Pimco Emerging Markets 

Risk-Adjusted Performance

4 of 100

 
Weak
 
Strong
Insignificant
Compared to the overall equity markets, risk-adjusted returns on investments in Pimco Emerging Markets are ranked lower than 4 (%) of all funds and portfolios of funds over the last 90 days. In spite of fairly strong forward indicators, Pimco Emerging is not utilizing all of its potentials. The current stock price disturbance, may contribute to short-term losses for the investors.

Applied Finance and Pimco Emerging Volatility Contrast

   Predicted Return Density   
       Returns  

Pair Trading with Applied Finance and Pimco Emerging

The main advantage of trading using opposite Applied Finance and Pimco Emerging positions is that it hedges away some unsystematic risk. Because of two separate transactions, even if Applied Finance position performs unexpectedly, Pimco Emerging can make up some of the losses. Pair trading also minimizes risk from directional movements in the market. For example, if an entire industry or sector drops because of unexpected headlines, the short position in Pimco Emerging will offset losses from the drop in Pimco Emerging's long position.
The idea behind Applied Finance Explorer and Pimco Emerging Markets pairs trading is to make the combined position market-neutral, meaning the overall market's direction will not affect its win or loss (or potential downside or upside).

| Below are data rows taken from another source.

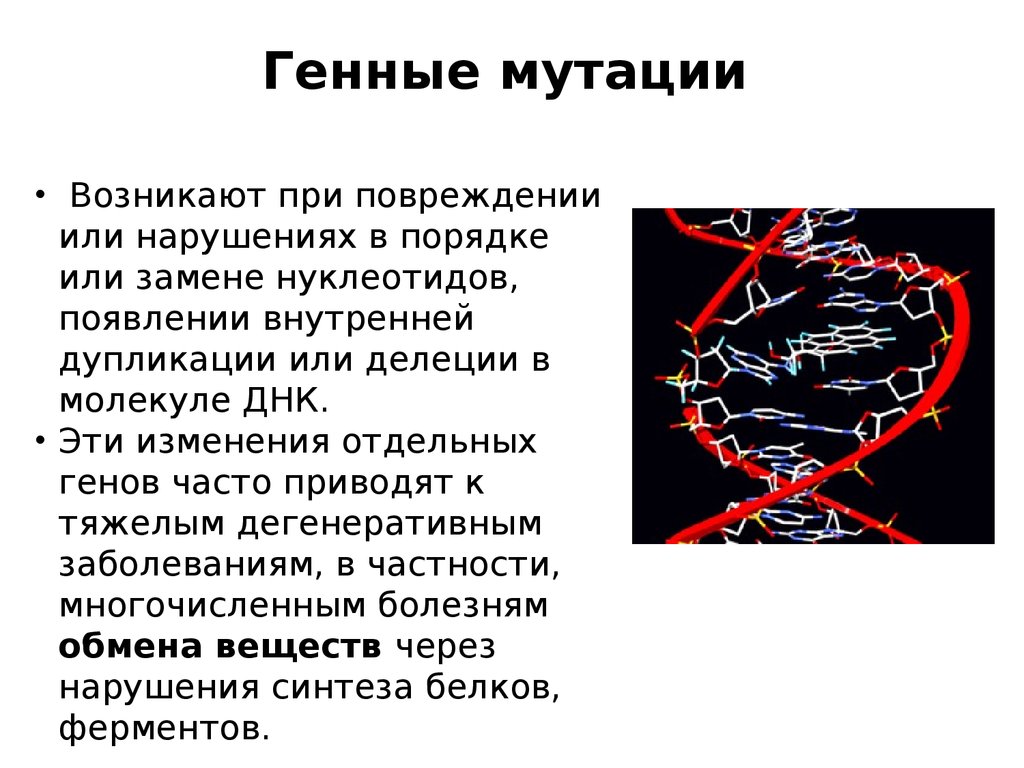 Генные мутации это. Генные мутации приводят. Генные мутации сообщение. Генные мутации трансгенации. Генные мутации как причина болезней обмена веществ.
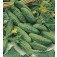 Augurken_Kleine_Groene_Scherpe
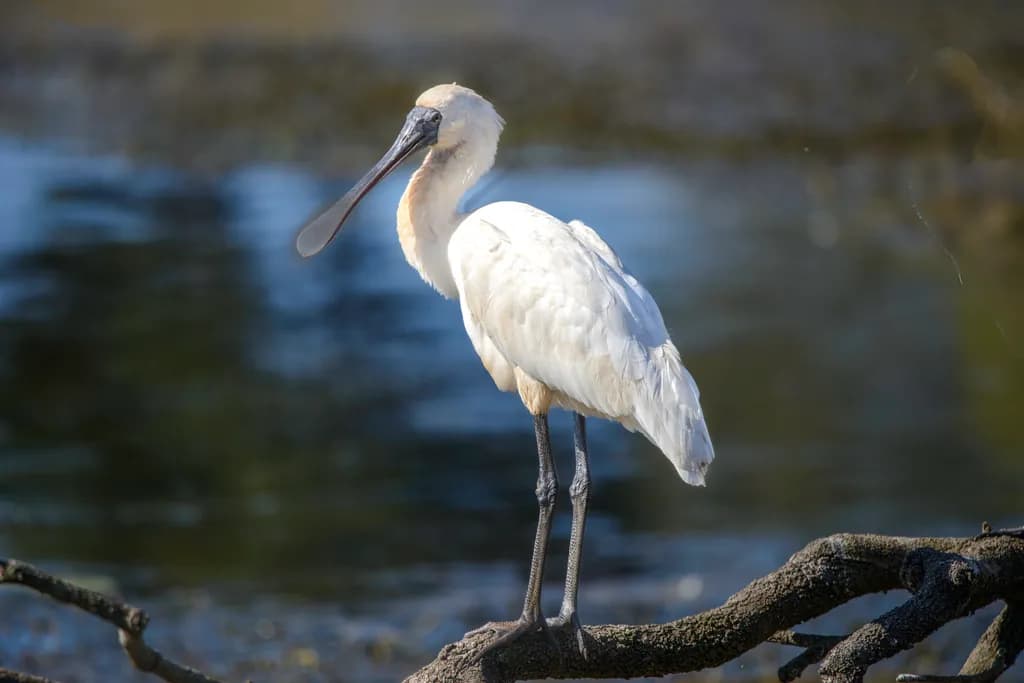 Spoonbill Perch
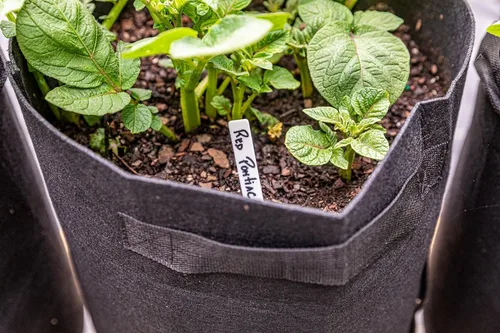 Vista 7 de Gardzen Paquete de 6 bolsas de cultivo de verduras sin BPA de 10 galones con solapa de acceso y asas, adecuadas para plantar papas, taro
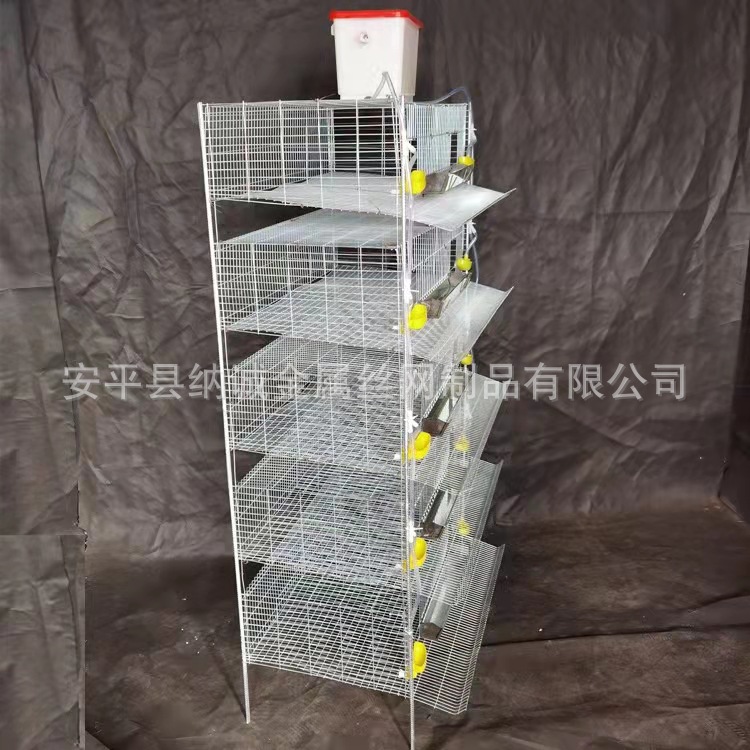 养殖加高鹌鹑鹧鸪笼子  立体式鹧鸪自动清粪镀锌笼 自动接蛋笼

This can be achieved by designing a pairs trade with two highly correlated stocks or equities that operate in a similar space or sector, making it possible to obtain profits through simple and relatively low-risk investment.
Check out your portfolio center.
Note that this page's information should be used as a complementary analysis to find the right mix of equity instruments to add to your existing portfolios or create a brand new portfolio. You can also try the Alpha Finder module to use alpha and beta coefficients to find investment opportunities after accounting for the risk.